Der oberste Beamte des Reiches.
Der Reichskanzler ist der oberste Beamte des Reiches und wird vom Kaiser ernannt. Unter allen Verordnungen und Gesetzen, die der Kaiser im Namen des Reiches erläßt, muß die Unterschrift des Reichskanzlers stehen; er übernimmt damit die Verantwortung. Über die Art dieser Verantwortung ist aber nichts Näheres bestimmt.
Als oberster Reichsbeamter hat der Kanzler die Reichsgesetze auszuführen und ihre Ausführung zu überwachen, er hat die Verwaltung und Beaufsichtigung aller Angelegenheiten zu leiten, die Reichssache sind. Da der Umfang der Reichsgeschäfte im Laufe der Zeit immer mehr zunahm, wurden nach und nach einzelne Verwaltungszweige vom Reichskanzleramt losgelöst und eigenen Staatssekretären zugeteilt. Diese Staatssekretäre werden vom Kaiser ernannt, bleiben aber dem Reichskanzler unterstellt. Theoretisch verbleibt die Verantwortung beim Reichskanzler, wenn auch de facto jeder Staatssekretär sie für sein Gebiet übernimmt, indem er an Stelle des Kanzlers gegenzeichnet. So haben wir einen Staatssekretär des Reichspostamtes, einen des Reichsschatzamtes, einen des Reichsjustizamtes, einen des Reichsmarineamtes, einen Staatssekretär des Auswärtigen und einen des Innern.

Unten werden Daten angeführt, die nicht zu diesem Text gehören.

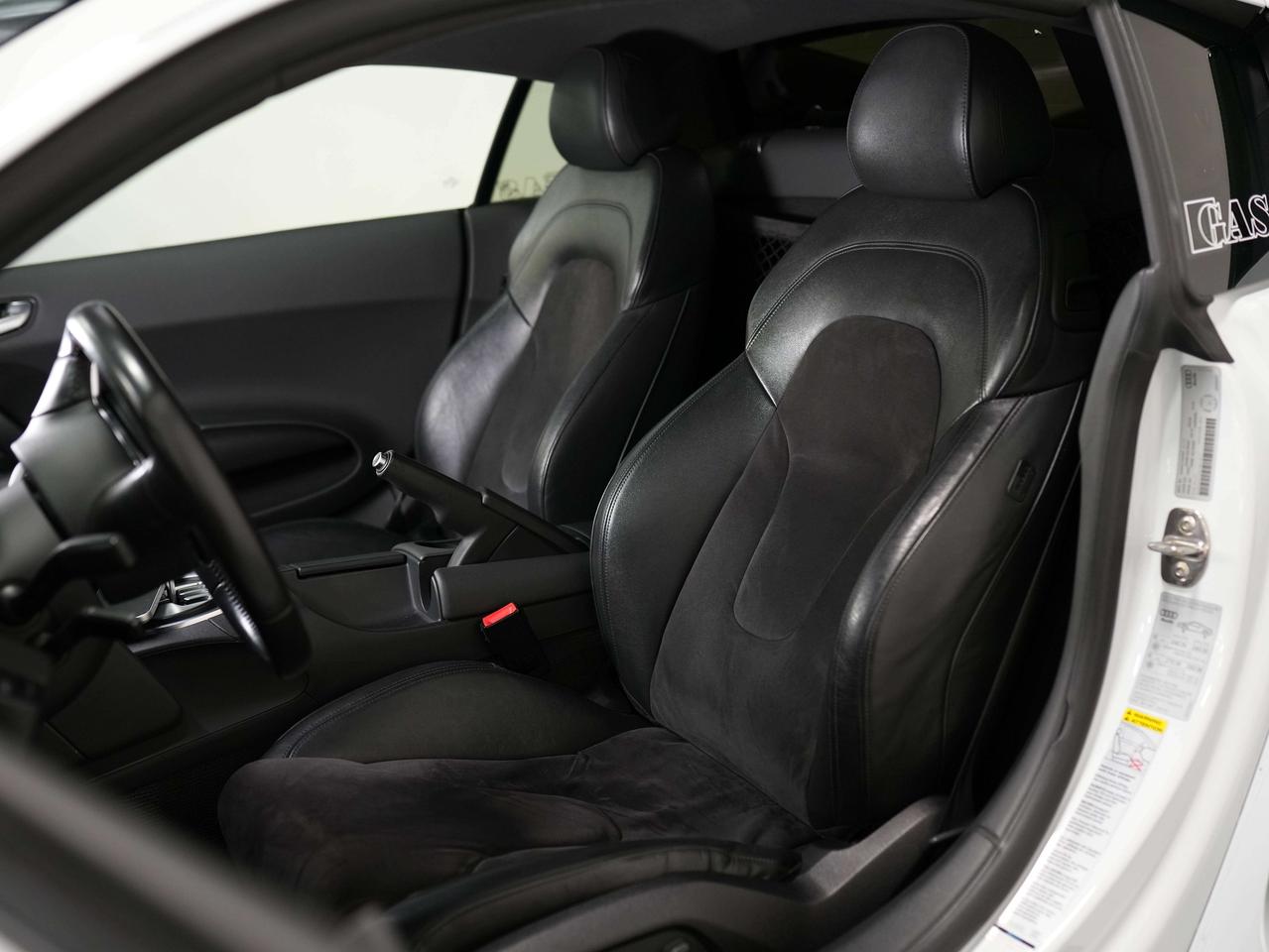 2012 Audi R8 MANUAL | B&O | REAR SPOILER Photo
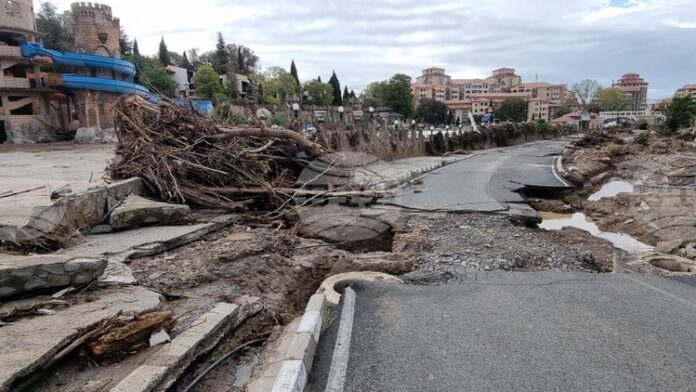 Обзор
                                                                                                Нередности и нарушения в строителните книжа откриха проверките във ваканционно селище Елените след наводненията, които взеха жертви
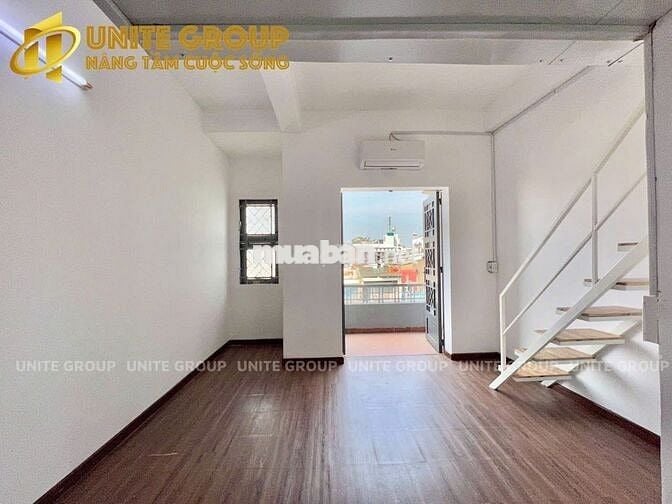 Cho thuê duplex 35m2 ban công siêu thoáng gần ĐH FTU, Hutech, UTH...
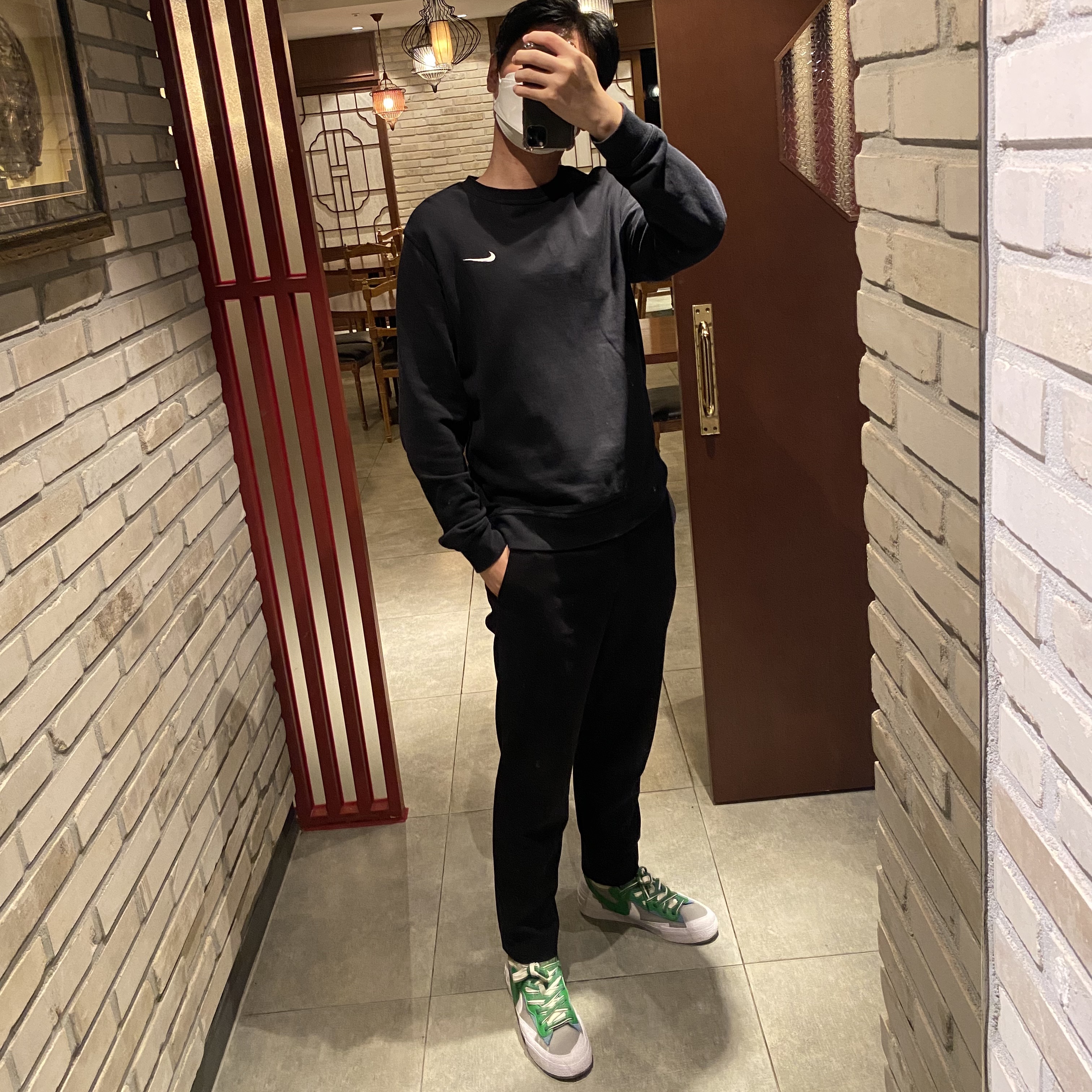 Nike x Sacai Blazer Low Classic Green 착용 스타일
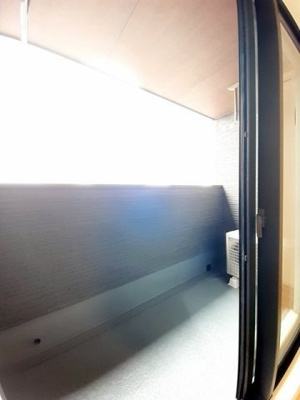 【バルコニー】 | リュミエール | 陽当たり良好なバルコニーです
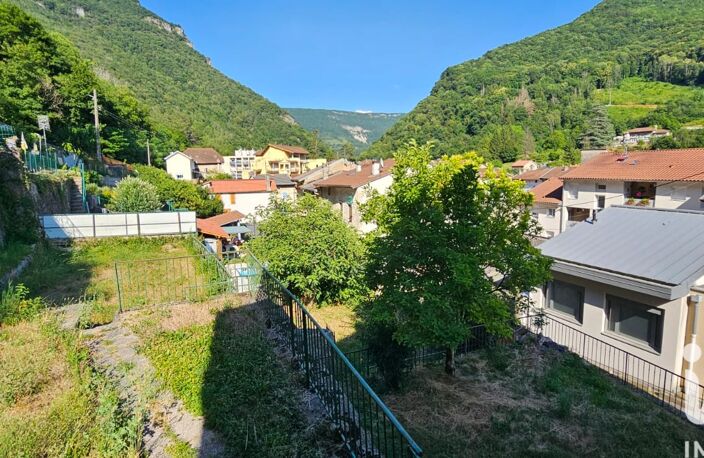 Vente Maison/villa 8 pièces — photo 2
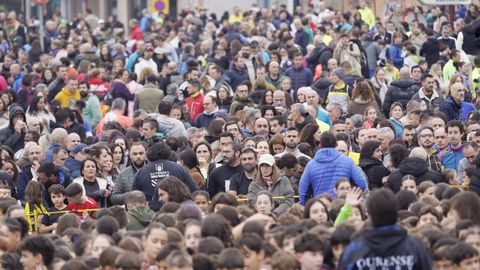 Los padres de los participantes m�s peque�os de la San Marti�o, muy atentos a la salida.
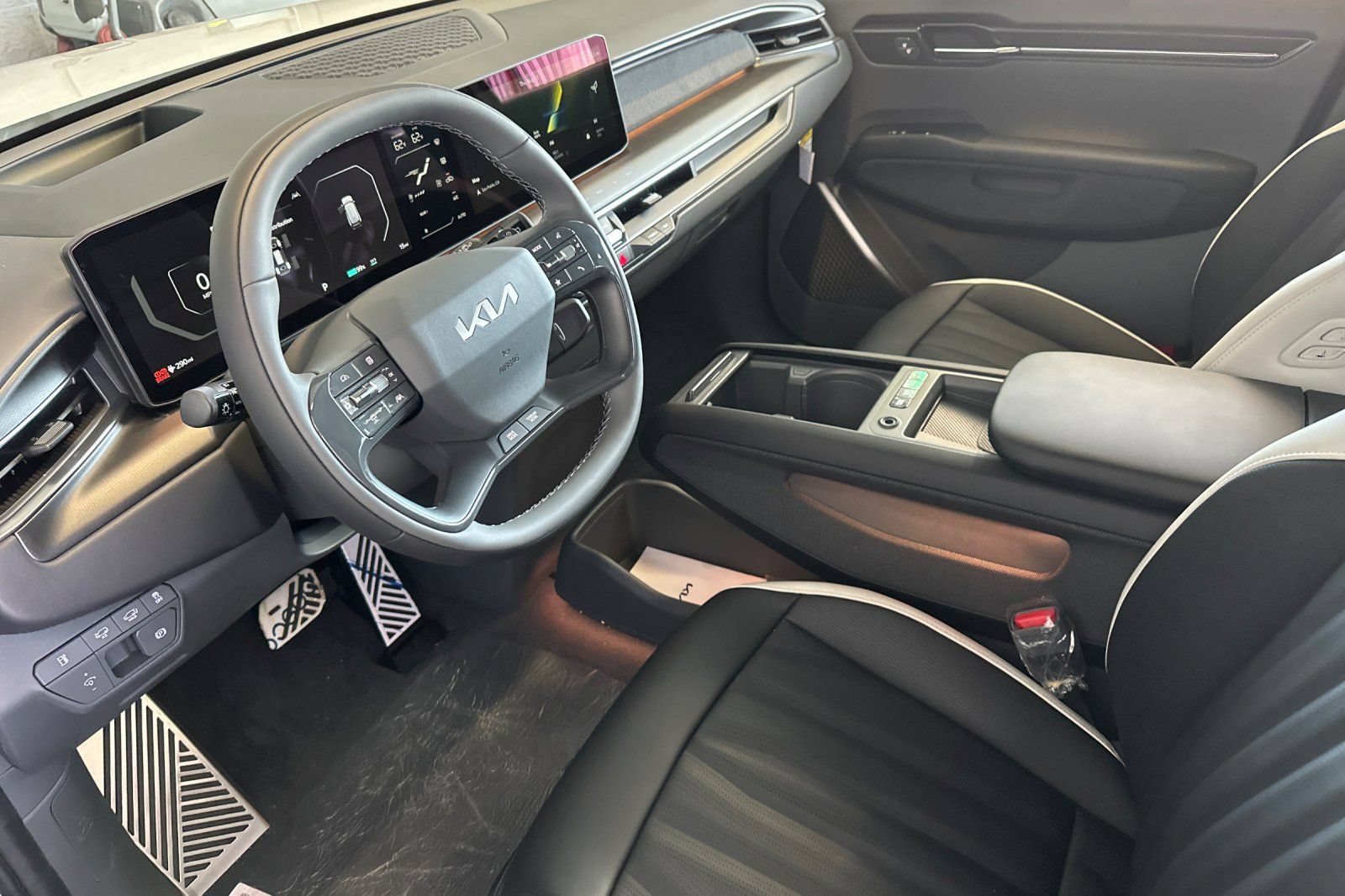 New 2026 Kia EV9 GT-Line AWD/4WD image 10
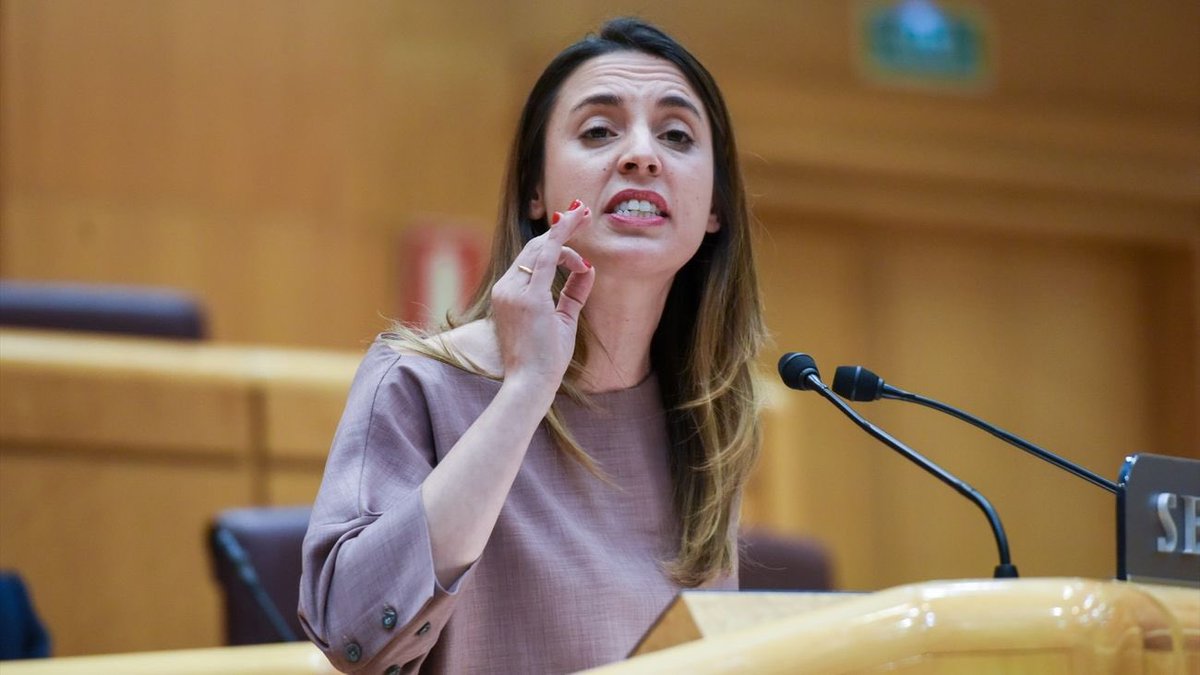 wallstwolverine's tweet photo. Unidas Podemos plantea prohibir los viajes en avión en todas las rutas dentro del territorio español que cuenten con alternativa ferroviaria directa y con una duración de menos de cuatro horas. https://t.co/am4urVuDWa
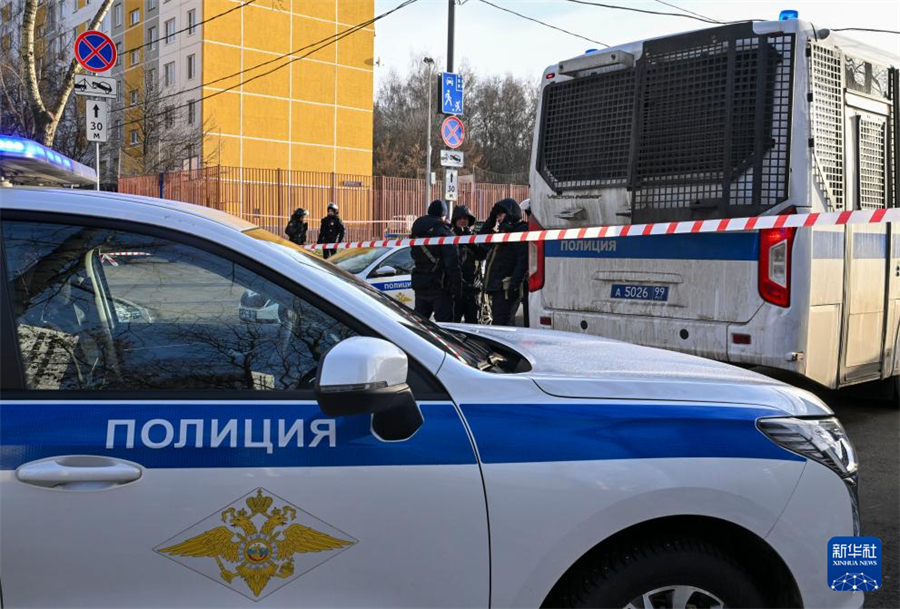 12月24日，在俄罗斯首都莫斯科南部，警察在爆炸事件现场警戒。新华社记者 郝建伟 摄
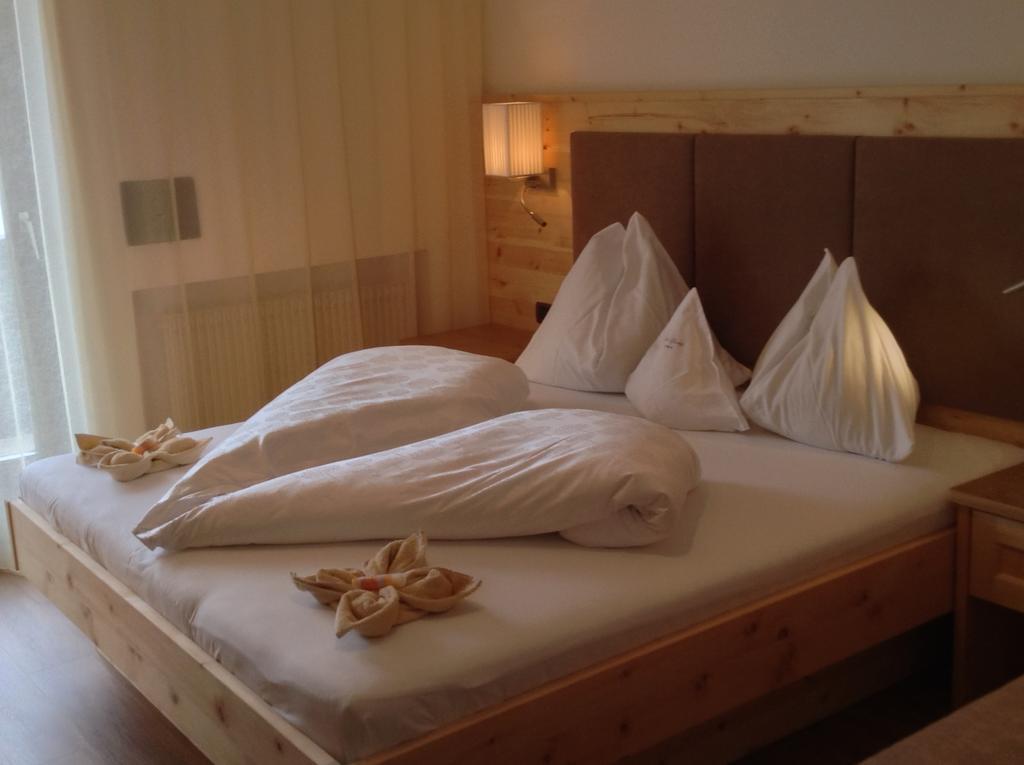 Hotel Garni Savoy Castelrotto Quarto foto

Der Reichskanzler ist zugleich preußischer Bundesbevollmächtigter und als Vertreter des Königs von Preußen Vorsitzender des Bundesrates. Er ist in der Regel auch preußischer Ministerpräsident, doch ist dies rechtlich nicht zwingend. So legte der Reichskanzler Caprivi nach dem Scheitern des Zelißschen Schulgesetzes im Frühjahre 1892 sein Amt als preußischer Ministerpräsident nieder, behielt aber auf dringendes Bitten des Kaisers sein Reichskanzleramt noch bei.